Que conclure de cette dis­tinc­tion ? Que la trans­pa­rence est ques­tion de den­si­té du milieu lais­sant pas­ser la lumière — den­si­té per­met­tant que la lumière soit por­teuse de visi­bi­li­té dis­tincte. C’est-à-dire que la trans­pa­rence, bien loin de repo­ser sur la dis­si­pa­tion de l’opacité d’un milieu (et donc du secret que cette opa­ci­té recè­le­rait), repose sur sa conser­va­tion : l’opacité est la condi­tion de la trans­pa­rence. Il n’y a de trans­pa­rence qu’en milieu opaque. Là où n’existe nulle opa­ci­té, la trans­pa­rence, quelle qu’elle soit, est impos­sible : il n’y a que du vide — plus ou moins abso­lu, dépen­dant des théo­ries phy­siques. Le coro­laire en est que la ques­tion de la trans­pa­rence (si, du moins, on accepte qu’il s’agisse d’une ques­tion) ne peut se poser qu’en termes de sélec­tion. Les vues (les appa­rences) concer­nées par cette ques­tion ne sont pas indif­fé­rentes : elles doivent être choi­sies dans la gamme, à prio­ri infi­nie, des images (des appa­rences) pos­sibles.

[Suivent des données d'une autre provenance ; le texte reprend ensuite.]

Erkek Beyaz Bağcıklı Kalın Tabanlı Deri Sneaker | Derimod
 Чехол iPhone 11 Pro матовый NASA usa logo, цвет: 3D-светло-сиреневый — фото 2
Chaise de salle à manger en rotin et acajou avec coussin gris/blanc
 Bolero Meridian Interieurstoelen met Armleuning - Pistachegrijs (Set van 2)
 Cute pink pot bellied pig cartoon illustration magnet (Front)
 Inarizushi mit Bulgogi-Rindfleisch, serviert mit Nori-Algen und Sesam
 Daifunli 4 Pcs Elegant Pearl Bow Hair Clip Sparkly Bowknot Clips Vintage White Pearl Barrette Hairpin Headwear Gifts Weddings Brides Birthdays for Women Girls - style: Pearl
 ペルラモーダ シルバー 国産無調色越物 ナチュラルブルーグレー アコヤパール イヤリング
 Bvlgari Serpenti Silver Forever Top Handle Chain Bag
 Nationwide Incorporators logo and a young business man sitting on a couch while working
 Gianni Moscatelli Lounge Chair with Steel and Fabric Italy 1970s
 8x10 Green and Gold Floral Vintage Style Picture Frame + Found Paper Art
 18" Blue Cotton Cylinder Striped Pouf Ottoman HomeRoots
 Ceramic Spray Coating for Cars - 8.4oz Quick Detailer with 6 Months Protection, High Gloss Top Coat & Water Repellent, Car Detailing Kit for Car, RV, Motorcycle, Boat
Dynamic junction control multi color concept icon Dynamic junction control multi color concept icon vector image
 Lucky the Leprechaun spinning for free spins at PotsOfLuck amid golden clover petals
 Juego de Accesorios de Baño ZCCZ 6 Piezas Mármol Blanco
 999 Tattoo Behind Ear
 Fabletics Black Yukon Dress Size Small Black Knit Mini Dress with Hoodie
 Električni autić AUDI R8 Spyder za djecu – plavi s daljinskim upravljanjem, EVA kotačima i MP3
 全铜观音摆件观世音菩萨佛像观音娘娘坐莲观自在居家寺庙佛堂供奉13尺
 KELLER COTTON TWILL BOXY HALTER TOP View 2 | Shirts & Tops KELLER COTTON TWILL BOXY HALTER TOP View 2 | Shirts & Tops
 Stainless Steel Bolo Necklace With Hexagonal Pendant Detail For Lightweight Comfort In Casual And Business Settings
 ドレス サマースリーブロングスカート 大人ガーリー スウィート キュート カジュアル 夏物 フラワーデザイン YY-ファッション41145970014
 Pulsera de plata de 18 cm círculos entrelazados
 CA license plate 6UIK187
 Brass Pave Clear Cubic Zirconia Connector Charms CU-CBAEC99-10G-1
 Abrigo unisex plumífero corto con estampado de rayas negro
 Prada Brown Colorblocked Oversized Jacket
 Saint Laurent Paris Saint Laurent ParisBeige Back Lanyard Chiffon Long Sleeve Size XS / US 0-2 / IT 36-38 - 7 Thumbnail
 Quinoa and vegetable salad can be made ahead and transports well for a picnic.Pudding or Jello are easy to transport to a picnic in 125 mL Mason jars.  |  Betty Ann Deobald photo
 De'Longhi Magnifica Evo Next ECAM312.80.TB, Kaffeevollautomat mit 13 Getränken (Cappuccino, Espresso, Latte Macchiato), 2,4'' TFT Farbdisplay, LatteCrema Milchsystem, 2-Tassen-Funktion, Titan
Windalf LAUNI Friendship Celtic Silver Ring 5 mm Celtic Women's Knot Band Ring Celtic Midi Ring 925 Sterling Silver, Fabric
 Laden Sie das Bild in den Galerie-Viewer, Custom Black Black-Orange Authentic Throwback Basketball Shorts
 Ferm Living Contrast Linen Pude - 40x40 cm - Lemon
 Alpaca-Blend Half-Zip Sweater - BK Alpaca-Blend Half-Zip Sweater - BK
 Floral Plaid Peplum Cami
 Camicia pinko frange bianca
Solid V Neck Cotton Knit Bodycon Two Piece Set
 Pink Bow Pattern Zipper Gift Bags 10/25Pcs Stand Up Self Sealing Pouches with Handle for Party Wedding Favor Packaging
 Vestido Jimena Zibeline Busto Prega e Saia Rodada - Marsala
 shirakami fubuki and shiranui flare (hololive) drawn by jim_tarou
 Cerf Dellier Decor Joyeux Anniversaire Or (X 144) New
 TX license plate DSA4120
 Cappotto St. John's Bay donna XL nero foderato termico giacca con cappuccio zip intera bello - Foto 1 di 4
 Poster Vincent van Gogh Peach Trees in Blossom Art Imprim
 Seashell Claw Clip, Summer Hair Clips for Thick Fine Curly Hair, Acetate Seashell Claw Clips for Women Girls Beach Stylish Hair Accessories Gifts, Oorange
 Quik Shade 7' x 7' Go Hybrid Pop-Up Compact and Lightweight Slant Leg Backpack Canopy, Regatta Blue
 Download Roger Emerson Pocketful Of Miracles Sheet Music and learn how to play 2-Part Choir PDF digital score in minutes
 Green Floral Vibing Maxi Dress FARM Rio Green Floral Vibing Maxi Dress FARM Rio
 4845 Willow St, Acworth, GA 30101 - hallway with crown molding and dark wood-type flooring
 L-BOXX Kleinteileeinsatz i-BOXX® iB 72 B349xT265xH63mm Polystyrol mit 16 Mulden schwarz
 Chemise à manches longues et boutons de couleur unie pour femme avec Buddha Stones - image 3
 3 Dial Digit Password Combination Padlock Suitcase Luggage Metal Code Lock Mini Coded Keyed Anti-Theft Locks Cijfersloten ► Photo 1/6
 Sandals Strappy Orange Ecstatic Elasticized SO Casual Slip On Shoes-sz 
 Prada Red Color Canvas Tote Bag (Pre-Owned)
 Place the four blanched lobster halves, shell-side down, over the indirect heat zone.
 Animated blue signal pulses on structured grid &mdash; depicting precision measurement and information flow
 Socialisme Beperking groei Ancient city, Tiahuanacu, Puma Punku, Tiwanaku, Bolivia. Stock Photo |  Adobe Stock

Mais cela signi­fie aus­si que la trans­pa­rence ne concerne jamais que des images — en aucun sens ne peuvent-elles être dites concer­ner autre chose que le type de regard qu’elle rend pos­sible. Par consé­quent, et parce qu’elle opère en milieu opaque, la trans­pa­rence relève des condi­tions néces­saires à ce que soit ren­du admis­sible quelque chose comme un voyeu­risme.

§ 9

Qu’est-ce qu’un voyeur ? Une per­sonne qui sélec­tionne les images offertes à sa vue en fonc­tion du désir sin­gu­lier qui l’anime. Chaque voyeur se défi­nit par son gout — c’est-à-dire par la pour­suite, pour son compte, de la quête infi­nie d’une image per­met­tant de relé­guer toutes les autres au rang de copies impar­faites. Lorsqu’il sou­lève sa per­sienne, ou bien qu’il paie une pros­ti­tuée pour la regar­der tra­vailler avec un autre client, ce qu’il cherche ne tient à nul secret — mais à la néces­si­té de pour­suivre une quête impos­sible. C’est cette quête que l’on nom­me­ra « tra­ver­sée des appa­rences » : l’affinement sin­gu­lier du regard per­met­tant d’isoler, au milieu de l’infinité des images, celles pro­dui­sant l’évènement d’une ren­contre avec le désir en appe­lant la sélec­tion. Mais dès lors que ce désir est appe­lé par une image impos­sible, celui-ci ne peut pos­sé­der la solu­tion lui per­met­tant de résoudre d’avance toutes les ren­contres — au contraire : chaque nou­velle image est une sur­prise l’informant davan­tage sur ce désir dont il ne sait rien. Or, quel est celui qui anime les bavar­dages contem­po­rains sur la trans­pa­rence — sinon un désir d’ordre ? On conclu­ra que la trans­pa­rence, com­prise comme trans­cen­dan­tale du monde contem­po­rain, est l’indice d’une volon­té de voyeu­risme aus­si géné­ra­li­sée que inas­su­mée. Il faut donc lui oppo­ser un autre voyeu­risme — sin­gu­la­ri­sé et heureux.